As I hop a modern wire fence which attempts to block my path, I note the cow patties that now greet me on my path. I sketch these remnants of a living creature and wonder how long it’s creator has been away. A day? A week? When will this animal return? Will it come with its friends to leave additional impressions on their land? I leave these animals’ home and climb through the fence back toward the classroom.
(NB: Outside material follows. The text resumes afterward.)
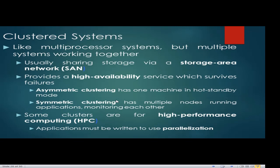A cluster system is like a multi-processor system but with multiple systems working together, usually sharing storage via a storage area network. It provides high availability — a service that survives failures. There is asymmetric clustering and symmetric clustering. In symmetric clustering, one machine has multiple nodes running applications monitoring each other. Some clusters are for high-performance computing, and applications must be written to use parallelization.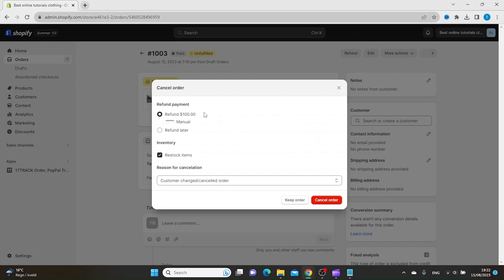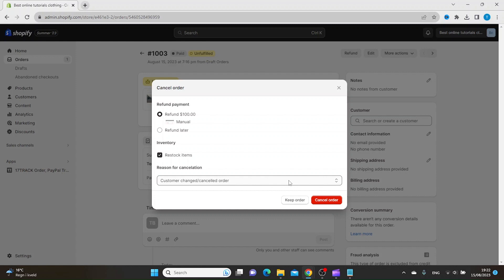to refund 100% now, or refund what they paid now, or refund later. You will also need to decide if you want to restock the item or not, and then you have to use the drop menu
I take a final turn and am on route back to the promise of heat and chocolate that awaits me, but before I get too close I take a final detour. I find a stretching log on the ground and sit, watching the movement of leaves in the wind, listening to the babble of the frozen creek, smelling the dirt and decaying leaves surrounding me, and feeling the cool bark under my jeans. Growing on this collapsed log to my left is fungus, stubbornly perpendicular to the log, defying gravity and refusing to fall. On my left, a creature has torn the bark away and drilled holes into the side. Was this the work of a woodpecker? Perhaps another bird or hungry insects? How many animals seek food or even shelter in these crevices? I know only that I am a visitor in their world, a brief inconvenience at most. Nature and her life will be here after I go. She has always been and always will be. After all of us temporary visitors have gone, some of us wounding her and some of us trying to help her, she will continue on her way. This dead and decaying log may seem dead, but it is full of life. It supports the other creatures of the forest even after it could no longer support itself. I mark its shape and growing companions in my book and take the last steps back to our man-made building. How long will this building itself remain here? Will nature’s eternal impact ever erase the presence of anything other than trees and rocks and animals and other growth? I may never know the answers to any of my questions, but I do know that this land has no regard for what I wonder, and the stretching time of this environment humbles my perspective on how I interact with the natural world around me.